• [Exercise]
Please repeat only the stretch of records running from the first line through the line that contains "Freshly prepared croissant".
(Recorded data begins)
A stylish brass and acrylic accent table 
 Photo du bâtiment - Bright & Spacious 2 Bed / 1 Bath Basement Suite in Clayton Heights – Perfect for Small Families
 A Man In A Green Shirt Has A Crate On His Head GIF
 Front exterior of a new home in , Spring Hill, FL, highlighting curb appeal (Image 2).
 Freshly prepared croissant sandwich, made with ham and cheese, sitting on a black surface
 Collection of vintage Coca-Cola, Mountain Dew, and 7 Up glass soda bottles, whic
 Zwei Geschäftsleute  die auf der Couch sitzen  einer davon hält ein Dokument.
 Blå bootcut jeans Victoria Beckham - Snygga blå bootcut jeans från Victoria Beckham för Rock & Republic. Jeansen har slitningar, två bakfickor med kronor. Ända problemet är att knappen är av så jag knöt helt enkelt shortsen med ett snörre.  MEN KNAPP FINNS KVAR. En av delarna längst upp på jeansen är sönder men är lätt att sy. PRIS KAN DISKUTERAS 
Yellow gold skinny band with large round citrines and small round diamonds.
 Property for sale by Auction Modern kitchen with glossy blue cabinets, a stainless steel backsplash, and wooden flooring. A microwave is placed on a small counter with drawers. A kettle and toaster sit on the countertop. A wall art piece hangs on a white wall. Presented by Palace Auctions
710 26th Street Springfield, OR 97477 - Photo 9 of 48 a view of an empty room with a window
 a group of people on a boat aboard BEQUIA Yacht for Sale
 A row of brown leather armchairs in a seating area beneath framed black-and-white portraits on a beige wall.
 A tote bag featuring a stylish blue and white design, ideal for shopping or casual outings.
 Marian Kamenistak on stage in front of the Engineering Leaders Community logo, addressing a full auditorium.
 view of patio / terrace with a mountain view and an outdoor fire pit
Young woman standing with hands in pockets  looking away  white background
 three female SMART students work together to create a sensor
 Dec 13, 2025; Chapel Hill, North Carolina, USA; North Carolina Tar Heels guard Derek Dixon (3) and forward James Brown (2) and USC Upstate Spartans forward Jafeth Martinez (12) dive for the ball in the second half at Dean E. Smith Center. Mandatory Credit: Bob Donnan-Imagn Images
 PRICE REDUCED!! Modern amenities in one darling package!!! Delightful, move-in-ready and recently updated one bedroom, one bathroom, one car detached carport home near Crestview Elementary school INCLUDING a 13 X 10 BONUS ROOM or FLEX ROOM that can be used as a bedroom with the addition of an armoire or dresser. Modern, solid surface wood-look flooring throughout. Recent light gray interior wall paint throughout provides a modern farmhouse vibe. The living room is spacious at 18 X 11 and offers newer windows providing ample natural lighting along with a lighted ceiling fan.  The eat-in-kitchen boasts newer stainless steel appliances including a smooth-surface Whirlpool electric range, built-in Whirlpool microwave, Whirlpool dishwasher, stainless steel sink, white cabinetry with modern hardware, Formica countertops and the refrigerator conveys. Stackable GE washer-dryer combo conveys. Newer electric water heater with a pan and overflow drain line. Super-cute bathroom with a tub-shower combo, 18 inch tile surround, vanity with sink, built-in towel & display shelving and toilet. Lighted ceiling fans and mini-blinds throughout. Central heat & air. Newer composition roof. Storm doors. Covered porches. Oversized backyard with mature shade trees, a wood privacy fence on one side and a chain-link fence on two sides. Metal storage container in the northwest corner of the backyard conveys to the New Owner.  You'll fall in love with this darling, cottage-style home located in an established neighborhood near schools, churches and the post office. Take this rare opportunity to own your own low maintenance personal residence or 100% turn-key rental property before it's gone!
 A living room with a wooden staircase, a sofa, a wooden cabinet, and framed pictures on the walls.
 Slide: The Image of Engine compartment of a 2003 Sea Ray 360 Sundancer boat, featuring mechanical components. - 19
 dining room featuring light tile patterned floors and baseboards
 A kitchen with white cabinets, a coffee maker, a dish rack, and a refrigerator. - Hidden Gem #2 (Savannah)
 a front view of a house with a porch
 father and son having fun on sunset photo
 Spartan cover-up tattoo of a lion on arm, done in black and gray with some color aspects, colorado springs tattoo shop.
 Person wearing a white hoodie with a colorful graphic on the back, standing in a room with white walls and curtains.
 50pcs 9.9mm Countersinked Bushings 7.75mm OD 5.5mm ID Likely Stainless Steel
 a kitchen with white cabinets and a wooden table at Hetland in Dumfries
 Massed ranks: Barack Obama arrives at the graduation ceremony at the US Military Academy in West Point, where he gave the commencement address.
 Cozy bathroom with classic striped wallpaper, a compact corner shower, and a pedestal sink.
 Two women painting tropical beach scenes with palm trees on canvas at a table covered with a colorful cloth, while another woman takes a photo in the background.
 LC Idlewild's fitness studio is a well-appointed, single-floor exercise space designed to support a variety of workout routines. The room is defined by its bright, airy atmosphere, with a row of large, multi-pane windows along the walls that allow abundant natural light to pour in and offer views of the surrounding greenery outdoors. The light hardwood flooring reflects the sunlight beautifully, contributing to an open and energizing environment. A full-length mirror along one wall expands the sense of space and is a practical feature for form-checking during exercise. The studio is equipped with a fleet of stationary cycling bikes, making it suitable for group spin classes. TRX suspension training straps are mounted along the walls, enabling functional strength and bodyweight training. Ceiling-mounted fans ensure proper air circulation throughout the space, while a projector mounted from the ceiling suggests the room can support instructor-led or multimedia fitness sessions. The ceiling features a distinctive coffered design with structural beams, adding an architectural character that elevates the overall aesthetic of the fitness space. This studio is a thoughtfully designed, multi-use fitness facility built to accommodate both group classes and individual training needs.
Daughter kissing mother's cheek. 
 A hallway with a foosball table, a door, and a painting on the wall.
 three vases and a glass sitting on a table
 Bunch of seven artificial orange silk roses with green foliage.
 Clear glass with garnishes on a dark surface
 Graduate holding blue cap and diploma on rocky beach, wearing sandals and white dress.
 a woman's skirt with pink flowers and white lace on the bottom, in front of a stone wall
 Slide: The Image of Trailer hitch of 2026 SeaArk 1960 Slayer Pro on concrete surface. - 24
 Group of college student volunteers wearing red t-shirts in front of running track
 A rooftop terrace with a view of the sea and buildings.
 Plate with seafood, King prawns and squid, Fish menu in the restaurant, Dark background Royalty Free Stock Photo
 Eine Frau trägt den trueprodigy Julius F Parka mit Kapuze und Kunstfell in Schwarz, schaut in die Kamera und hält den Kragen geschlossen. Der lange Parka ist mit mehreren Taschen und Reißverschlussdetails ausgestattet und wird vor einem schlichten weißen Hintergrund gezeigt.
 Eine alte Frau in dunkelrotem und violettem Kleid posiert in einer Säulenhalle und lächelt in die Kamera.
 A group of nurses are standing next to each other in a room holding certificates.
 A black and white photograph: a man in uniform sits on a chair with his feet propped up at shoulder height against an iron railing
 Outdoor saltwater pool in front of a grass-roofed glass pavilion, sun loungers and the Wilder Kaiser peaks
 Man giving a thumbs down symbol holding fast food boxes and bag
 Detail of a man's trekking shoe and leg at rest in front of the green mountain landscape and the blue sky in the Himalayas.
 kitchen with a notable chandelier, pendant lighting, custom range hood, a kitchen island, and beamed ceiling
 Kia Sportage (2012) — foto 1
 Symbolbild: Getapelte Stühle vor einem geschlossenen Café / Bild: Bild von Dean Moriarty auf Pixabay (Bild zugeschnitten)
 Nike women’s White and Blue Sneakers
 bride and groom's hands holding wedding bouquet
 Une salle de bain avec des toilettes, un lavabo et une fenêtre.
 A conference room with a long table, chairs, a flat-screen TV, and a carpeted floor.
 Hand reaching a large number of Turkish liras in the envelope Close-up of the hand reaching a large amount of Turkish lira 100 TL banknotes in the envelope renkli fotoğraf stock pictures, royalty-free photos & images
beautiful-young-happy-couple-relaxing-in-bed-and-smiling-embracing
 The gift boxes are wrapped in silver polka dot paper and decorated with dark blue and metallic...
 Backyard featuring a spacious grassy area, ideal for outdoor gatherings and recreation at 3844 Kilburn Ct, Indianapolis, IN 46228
(Recorded data ends)
• [Solved problem]
A stylish brass and acrylic accent table 
 Photo du bâtiment - Bright & Spacious 2 Bed / 1 Bath Basement Suite in Clayton Heights – Perfect for Small Families
 A Man In A Green Shirt Has A Crate On His Head GIF
 Front exterior of a new home in , Spring Hill, FL, highlighting curb appeal (Image 2).
 Freshly prepared croissant sandwich, made with ham and cheese, sitting on a black surface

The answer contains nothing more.